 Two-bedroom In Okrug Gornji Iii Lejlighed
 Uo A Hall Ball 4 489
------------------------------------------------------------
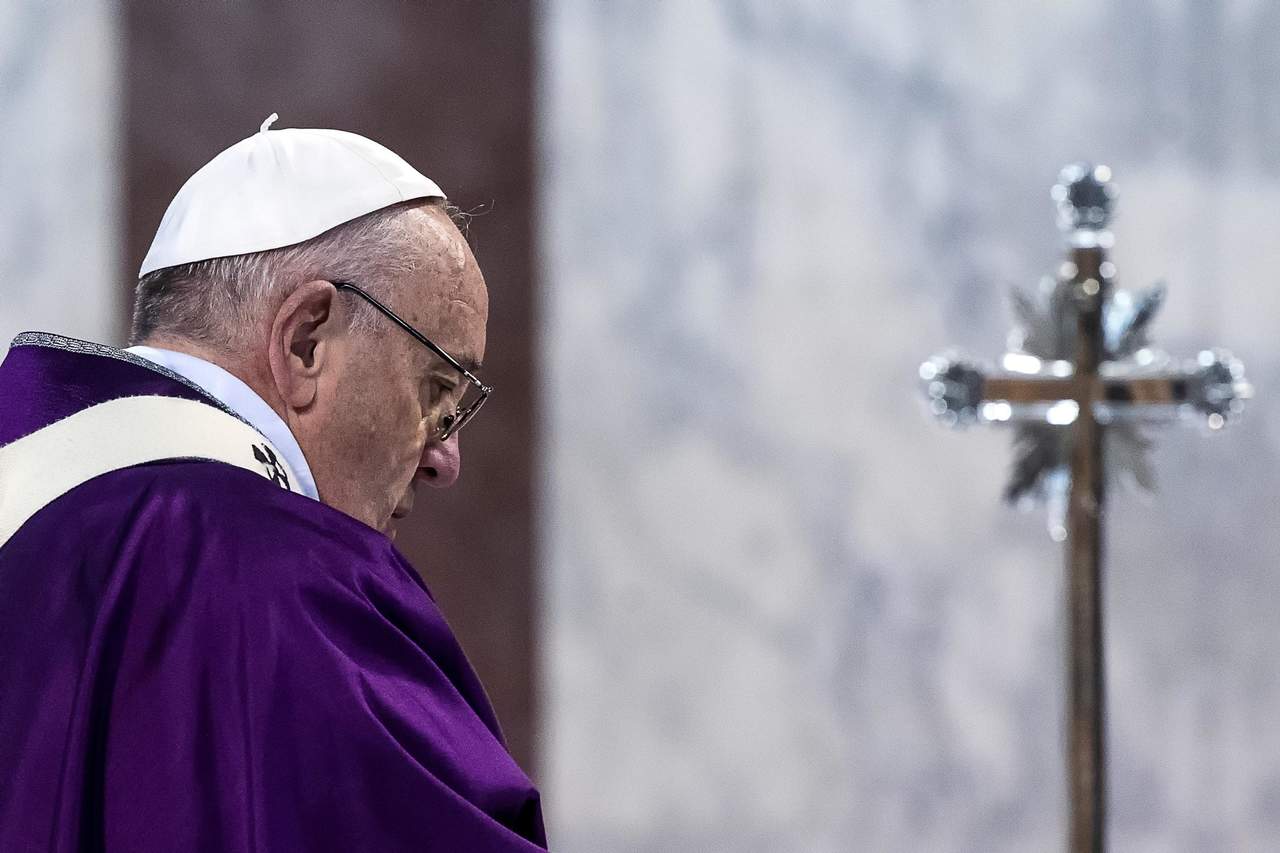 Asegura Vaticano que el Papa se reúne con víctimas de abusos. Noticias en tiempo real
------------------------------------------------------------
> _EXERCISE PROMPT_
Reproducing the whole listing above is not the task. Copy exactly only the lines from the one with "Two-bedroom In Okrug Gornji Iii Lejlighed" to the one with "Uo A Hall Ball 4 489", both kept.

> _ANSWER TO THE EXERCISE_
 Two-bedroom In Okrug Gornji Iii Lejlighed
 Uo A Hall Ball 4 489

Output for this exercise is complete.